Step 2: Configure Firecrawl Credentials
Use the following format to set up your credentials:
| Key Name | Description | Example Value |
|---|---|---|
| Credential Name | Name to identify this set of credentials | my-firecrawl-creds |
| Firecrawl API Key | Authentication key for accessing Firecrawl services | fc_api_xxxxxxxxxxxxx |
| Host | Base URL where Firecrawl service is hosted | https://api.firecrawl.dev |
Configuration Reference
Scraper Configuration
| Parameter | Description | Example Value |
|---|---|---|
| Credential Name | Select previously saved credentials | my-firecrawl-creds |
| URL | Target URL to scrape | https://example.com/page |
| Main Content | Extract only the main content of the page, excluding headers, navs, footers, etc. | true |
| Skip TLS Verification | Bypass SSL certificate validation | false |
| Include Tags | HTML tags to include in extraction | p, h1, h2, article |
| Exclude Tags | HTML tags to exclude from extraction | nav, footer, aside |
| Emulate Mobile Device | Simulate mobile browser access | true |
| Wait for Page Load | Time to wait for dynamic content (ms) | 123 |
Agent Workflow Configuration
The Scraper Node now supports agent workflows with three execution modes for intelligent web data extraction and task monitoring.
Agent Modes
- Async Agent: Submit agent tasks asynchronously and receive a task ID for later status checking.

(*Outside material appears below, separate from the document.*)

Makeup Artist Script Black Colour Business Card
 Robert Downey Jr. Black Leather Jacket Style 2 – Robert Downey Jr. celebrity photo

- Sync Agent: Execute agent tasks synchronously and receive results immediately upon completion.
- Check Agent: Check the status of a previously submitted async agent task.
Agent Configuration (Async / Sync)
| Parameter | Description | Example Value |
|---|---|---|
| Credential Name | Select previously saved credentials | my-firecrawl-creds |
| Prompt | The prompt or instruction for the agent to execute | "Extract all product prices from the page" |
| URLs | List of URLs for the agent to process | [ "https://example.com/products" ] |
| Schema | JSON schema defining the expected output structure | {"price": "string", "name": "string"} |
| Mx Credit | Maximum credits to use for the agent task | 100 |
| Strict URL Constraints | Enforce strict URL matching rules | true |
Check Agent Configuration
| Parameter | Description | Example Value |
|---|---|---|
| Credential Name | Select previously saved credentials | my-firecrawl-creds |
| Agent Task ID | The task ID returned from an Async Agent submission | "8***************************7" |
Low-Code Example
nodes:
- nodeId: scraperNode_680
nodeType: scraperNode
nodeName: Scraper
values:
credentials: ''
url: https://lamatic.ai/docs
onlyMainContent: false
skipTLsVerification: false
mobile: false
waitFor: 123
includeTags: []
excludeTags: []
needs:
- triggerNode_1Output
Scraper Output
markdown: A string containing the scraped content formatted as Markdown, if available.language: A string indicating the detected language of the scraped content.referrer: A string representing the referrer URL or source that led to the scraped page, if applicable.title: A string containing the title of the scraped page or resource.scrapeId: A string serving as a unique identifier for the scrape operation.sourceURL: A string specifying the original URL from which the content was scraped.url: A string indicating the URL of the scraped resource, potentially processed or resolved.statusCode: An integer reflecting the HTTP status code returned during the scrape operation.
Example Scraper Output
{
"markdown": "",
"language": "",
"referrer": "",
"title": "",
"scrapeId": "",
"sourceURL": "",
"url": "",
"statusCode":
}Troubleshooting
Common Issues
| Problem | Solution |
|---|---|
| Invalid API Key | Ensure the API key is correct and has not expired. |
| Connection Issues | Verify that the host URL is correct and reachable. |
| Webhook Errors | Check if the webhook endpoint is active and correctly configured. |
| Crawling Errors | Review the inclusion/exclusion paths for accuracy. |
| Dynamic Content Not Loaded | Increase the Wait for Page Load time in the configuration. |
Debugging
- Check Firecrawl logs for detailed error information.
- Test the webhook endpoint to confirm it is receiving updates.